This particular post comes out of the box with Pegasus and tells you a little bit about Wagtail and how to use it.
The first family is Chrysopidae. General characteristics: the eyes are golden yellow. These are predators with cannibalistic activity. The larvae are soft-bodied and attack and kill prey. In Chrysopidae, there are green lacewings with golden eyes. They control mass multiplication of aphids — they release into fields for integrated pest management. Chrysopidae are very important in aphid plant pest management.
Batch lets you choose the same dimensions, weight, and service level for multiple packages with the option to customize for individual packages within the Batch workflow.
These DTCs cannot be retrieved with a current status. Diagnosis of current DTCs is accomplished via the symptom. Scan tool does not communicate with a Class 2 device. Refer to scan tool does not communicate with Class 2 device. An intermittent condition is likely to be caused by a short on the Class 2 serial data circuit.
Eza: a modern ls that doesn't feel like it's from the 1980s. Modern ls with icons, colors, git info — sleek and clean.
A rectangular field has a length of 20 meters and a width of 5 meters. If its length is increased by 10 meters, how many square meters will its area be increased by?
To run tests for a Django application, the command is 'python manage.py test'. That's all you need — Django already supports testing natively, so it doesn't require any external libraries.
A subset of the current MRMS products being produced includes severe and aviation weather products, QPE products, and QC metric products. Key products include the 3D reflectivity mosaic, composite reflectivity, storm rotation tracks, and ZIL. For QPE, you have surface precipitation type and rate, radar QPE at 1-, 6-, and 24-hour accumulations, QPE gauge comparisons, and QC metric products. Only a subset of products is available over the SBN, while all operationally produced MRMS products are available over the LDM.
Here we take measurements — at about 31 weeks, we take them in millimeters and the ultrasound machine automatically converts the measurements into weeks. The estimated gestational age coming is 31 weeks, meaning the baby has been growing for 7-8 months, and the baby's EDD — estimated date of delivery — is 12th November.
^^^^^^^^
What you will do
Filter the listing above for the string "These" and copy every matching line.

Finished task
The first family is Chrysopidae. General characteristics: the eyes are golden yellow. These are predators with cannibalistic activity. The larvae are soft-bodied and attack and kill prey. In Chrysopidae, there are green lacewings with golden eyes. They control mass multiplication of aphids — they release into fields for integrated pest management. Chrysopidae are very important in aphid plant pest management.
These DTCs cannot be retrieved with a current status. Diagnosis of current DTCs is accomplished via the symptom. Scan tool does not communicate with a Class 2 device. Refer to scan tool does not communicate with Class 2 device. An intermittent condition is likely to be caused by a short on the Class 2 serial data circuit.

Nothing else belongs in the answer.